Renowned Canadian restaurant critic and food writer Chris Nuttall-Smith describes these Gin Caesar Slushies as “the Bloody Mary’s brash northern cousin.” An avid camper and outdoorsman, Nuttall-Smith’s bestselling cookbook, Cook It Wild: Sensational Prep-Ahead Meals for Camping, Cabins, and the Great Outdoors, provides instructions for preparing each recipe at home in advance as much as possible so it can be quickly assembled fireside. In this case, you make the Caesar mix and cocktails from scratch before freezing them – all you need to do is remove them from the cooler and let them defrost enough to drink. “They’re spicy, savoury and ridiculously refreshing, with a welcome aromatic top note from the gin. Thanks to all their vegetable content, they’re even almost healthful, too, brilliant served with breakfast in the wild,” writes Nuttall-Smith. You can drink them at home, too – we won’t tell.
Gin Caesar Slushies
Ingredients
Caesar Mix
- 1 cup water see note #1
- 20 oz Clamato juice see note #2
- 8 oz gin
- 4 oz jalapeño brine from a jar of pickled jalapeños
- 4 tsp fresh lemon juice
- 1 tsp Worcestershire sauce
- 8 dashes Tabasco
- 1 tsp freshly ground black pepper
- ¼ tsp kosher salt
Cocktail
- Caesar Mix partially thawed (see note #3)

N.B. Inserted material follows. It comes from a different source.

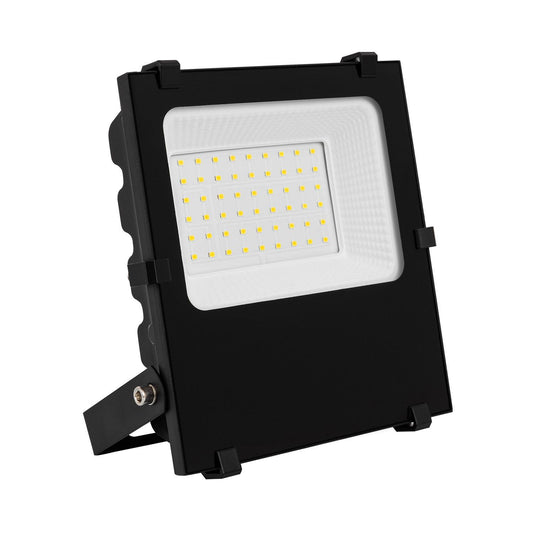 Dimmbarer LED-Flutlichtstrahler 30W IP65 4050lm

- celery sticks, olives, pickled beans lemon wedges and other garnishes for serving
Instructions
Caesar Mix
- In a 1.5-litre soda bottle, combine the water, Clamato, gin, jalapeño brine, lemon juice, Worcestershire, Tabasco, pepper and salt. Shake well and freeze for 24 hours.
Cocktail
- Shake the slushy Caesar mix well to break up its ice, pour into all glasses (or crappy camping mugs) and garnish as desired. Serve immediately.
Notes
- These are meant to be imbibed as slushies; if you’d rather drink them on ice, omit the water from the recipe.

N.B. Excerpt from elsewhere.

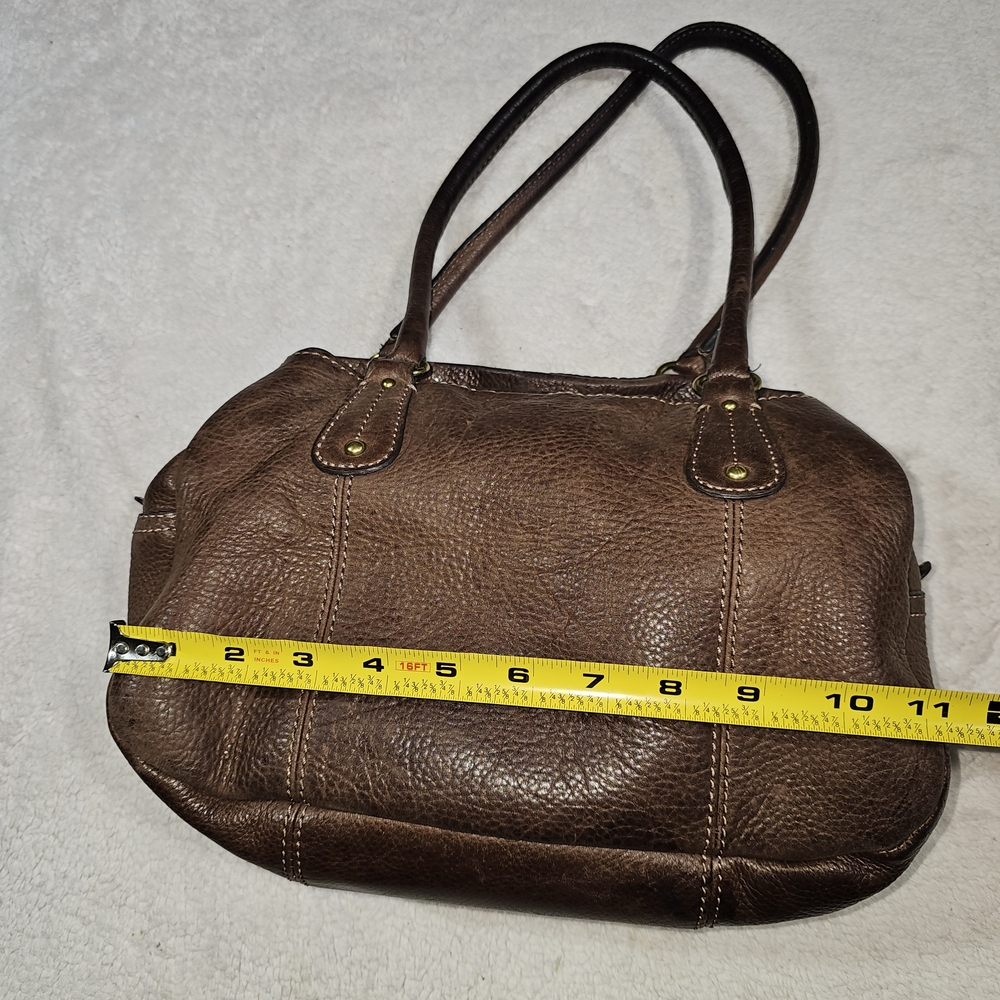 Elegant Brown Leather Handbag - Picture 15 of 16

- If you’d like a vegan version, or you’re really not into seafood in your cocktails (the drink’s base mixer is Clamato juice) turn this into a Red Snapper (that’s a Bloody Mary but made with gin) by swapping the Clamato for straight tomato juice.
- Cocktails keep for 5 days, after thawing, kept cold, or 2 weeks, frozen.